JAKARTA, AW-Pemerintah telah mengeluarkan stok dalam rangka intervensi harga beras. Rinciannya, 360 ribu ton berupa bantuan pangan beras (BPB) dan 1,3 juta ton adalah beras SPHP yang dikeluarkan di periode Juli-Desember 2025. Dengan dikeluarkannya stok tersebut, Menteri Pertanian (Mentan) Andi Amran Sulaiman berharap harga beras di pasaran bisa segera turun.
Pemerintah memastikan stok beras nasional dalam kondisi aman dan cukup untuk memenuhi kebutuhan masyarakat. Hingga hari ini, stok beras di Perum Bulog tercatat 4,2 juta ton, tertinggi dalam sejarah. Mentan menyampaikan, untuk menjaga stabilitas harga, pemerintah telah mempercepat penyaluran bantuan sosial (bansos) atau BPB 360 ribu ton serta menyalurkan beras SPHP (Stabilisasi Pasokan dan Harga Pangan/operasi pasar) sebanyak 1,3 juta ton.
“Dengan langkah ini, harga beras dipastikan akan turun. Kami mempercepat penyaluran stok, sekaligus menindak tegas kecurangan perdagangan beras di pasar,” ungkap Mentan saat diwawancarai awak media di Gedung DPR Jakarta, Rabu (16/07/25).
Namun demikian, pemerintah juga tengah menindaklanjuti temuan serius terkait kualitas dan praktik perdagangan beras di pasar. Dari investigasi di 268 titik sampel di daerah lumbung padi, ditemukan bahwa 212 sampel tidak sesuai standar mutu dan dijual di atas harga eceran tertinggi (HET). Pemeriksaan dilakukan melalui 13 laboratorium independen di seluruh Indonesia. “Ini bukan sekadar kasus beras oplosan. Ini lebih dari itu. Beras kualitas biasa dijual sebagai premium tanpa proses pencampuran. Ini adalah manipulasi yang merugikan masyarakat,” kata Mentan.

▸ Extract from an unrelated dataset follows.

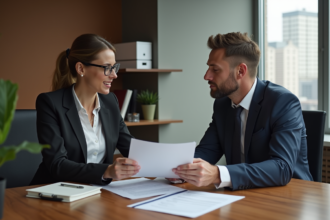 Femme en réunion avec un banquier dans un bureau professionnel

Mentan Amran mengatakan telah melaporkan temuan ini kepada Satgas Pangan Mabes Polri dan Kejaksaan Agung, dengan pemeriksaan terhadap 26 merek beras, dan 40 merek lainnya akan segera menyusul. Dari hasil pengawasan bersama, 90% sampel yang diperiksa tidak memenuhi standar. Pemerintah menyampaikan apresiasi kepada pelaku usaha yang telah secara sukarela menarik dan menyesuaikan harga produk mereka dengan kualitas sebenarnya.

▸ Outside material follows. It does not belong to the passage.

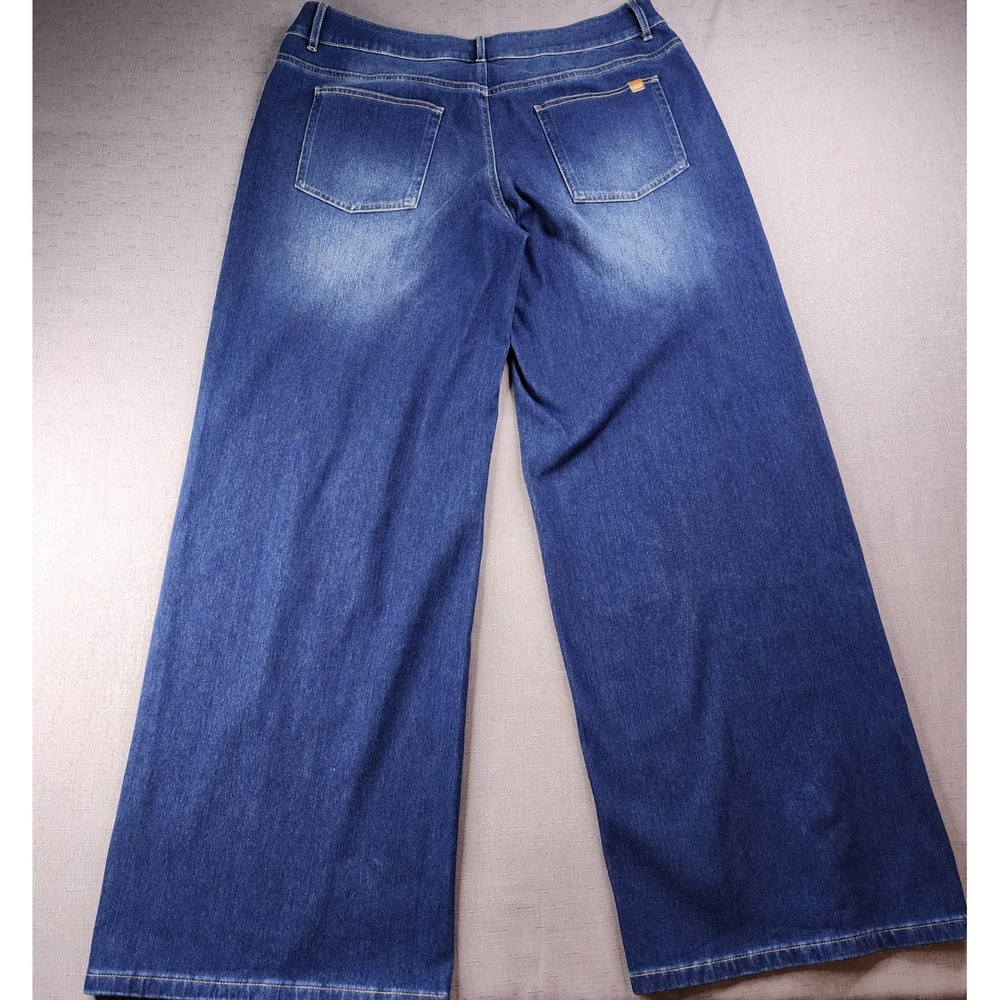 Halara Wide Leg Jeans Womens Large Tall Blue Denim Crossover Waist NWT 02710762 - Picture 9 of 11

Lebih lanjut, Mentan menegaskan, kekhawatiran akan kelangkaan beras tidak beralasan. Berdasarkan data Badan Pusat Statistik (BPS), saat ini Indonesia mengalami surplus beras lebih dari 3 juta ton, jika dibandingkan dengan total konsumsi nasional.
Karena itu, tidak ada alasan terjadinya kelangkaan beras di pasar. “Perlu kami tegaskan, stok beras tidak boleh disimpan di gudang tanpa didistribusikan. Seluruh stok harus segera dikeluarkan dan disalurkan ke masyarakat. Namun, yang perlu disesuaikan harga jualnya, agar selaras dengan kualitas produk. Jika beras tersebut merupakan beras biasa, maka harus dijual dengan harga beras biasa, bukan dikemas dan dijual sebagai beras premium,” ujar Mentan.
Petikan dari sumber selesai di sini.